I need to pass in a variable,list and a hash to a subroutine, and get back changes from it without returning.

This code doesnt do the job.

sub foo{
    my $one = {$_[0]};   
    my @list = @{$_[1]};
    my %hash = %{$_[2]};
    print("\n inside foo: ${one}\n");
    print("\n inside foo: $one @list $hash{'key'}\n");
    $one = 2;
    @list = (4,5,6);
    my %hash2;
    $hash2{'key'} = 'valueModified';    
    %hash = %hash2;
    print("\n inside foo after Mod: $one\n");
    print("\n inside foo after Mod: $one @list $hash{'key'}\n");
}

my $one = 1;
my @list = (1,2,3);
my %hash;
$hash{'key'} = 'value';
my @allLocalArgs = (\$one,\@list,\%hash);
foo(\@allLocalArgs);
print("\nafter foo modification: $one @list $hash{'key'}\n");

Output:

 inside foo: HASH(0x234a240)

 inside foo: HASH(0x234a240)  

 inside foo after Mod: 2

 inside foo after Mod: 2 4 5 6 valueModified

after foo modification: 1 1 2 3 value

Thanks.

Answer 1

In principle, and in practically any language, you'd want to pass objects that refer to data structures in the caller, pointers or references. In Perl, that would be a reference -- and you are doing that.

But then in the sub you create local copies; the $one, @list, and %hash in the sub are lexical variables local to sub's scope, masking/shadowing the ones in the calling scope. Changes to those don't do anything outside of sub's scope.

Instead, directly use the references that you passed in order to write to the caller's data.

sub foo { 

    my ($rscalar, $rary, $rhash) = @_;

    $$rscalar = 2;
 
    @$rary = (4,5,6);

    $rhash->{'key'} = 'valueModified'; 
}

foo(\$one, \@list, \%hash);

Now $one, @list, and %hash in the calling code have been changed. For details of working with references please see tutorial perlreftut and reference perlref.

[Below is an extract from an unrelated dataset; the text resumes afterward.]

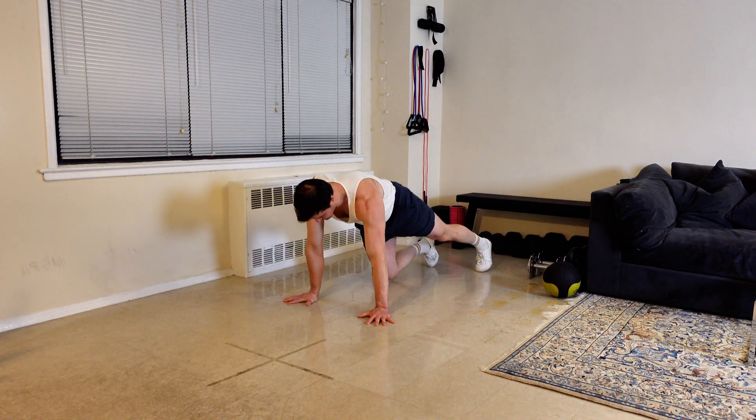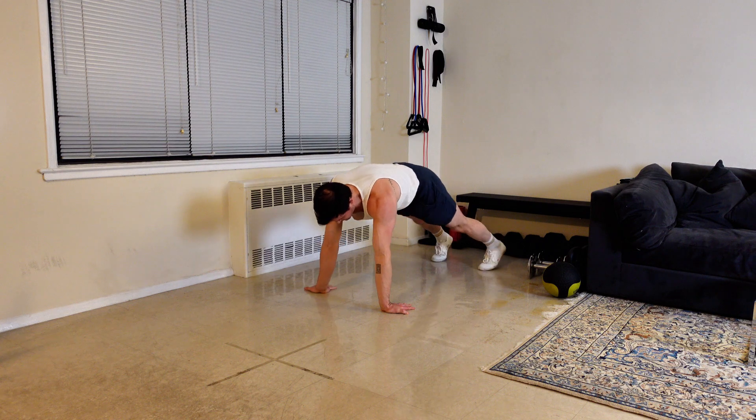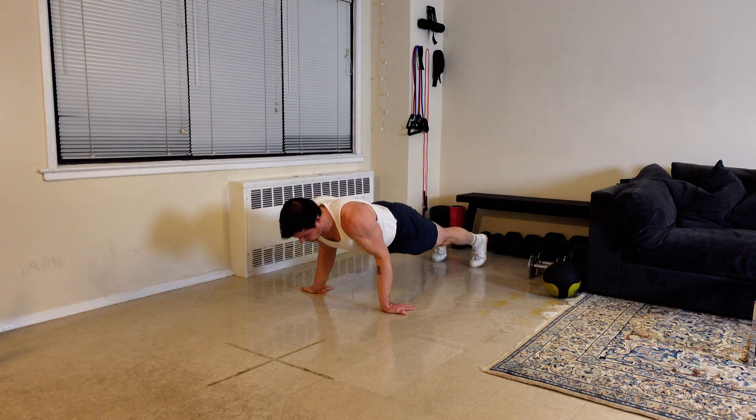Start in a standard push-up position and rotate your hands so that your fingers point towards your feet. If this puts too much pressure on your wrists, you should not attempt this movement and should instead play with different push-up variations.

Note that foo(\@allLocalArgs); passes the reference of the array with arguments, so the sub receives one element -- that array's reference. You can do that but for the point of the question it isn't needed so I removed it and passed the list of arguments directly.

Another thing to note is that arguments are aliased in @_ -- so if in the sub you work with @_ directly then you may change data in the caller. So if you were to pass a scalar variable as foo($one) then $_[0] = 2 in the sub changes $one in the caller. This is in principle best avoided in my opinion; if caller's data is to be changed that should be made as explicit as possible; pass the reference.

---

A note on terminology

A list in Perl is an elusive, ephemeral structure used to move data around in a program; think of a bunch of scalars (values) on the stack somewhere, about to be used and disappear. Perhaps to pass arguments to a function (foo($v1, $v2)), or to form a string (join '', $v1, $v2), or to create an anonymous array reference ([$v1, $v2]), etc.

The other use of the term is for a syntax property, of a grouping/collection of scalars (usually seen in parenthesis, but those are incidental and needed for precedence really).

An array, on the other hand, is a multi-valued variable. Much like a hash (associative array) is a multi-valued variable, and as opposed to a scalar, being a single-valued variable.

A lot has been written on this; here are a few links that came up readily: an Effective Perler article (with links to a few more articles), and a Stackoverflow page Perl array vs list.

In short, you are asking about a "scalar, array, hash."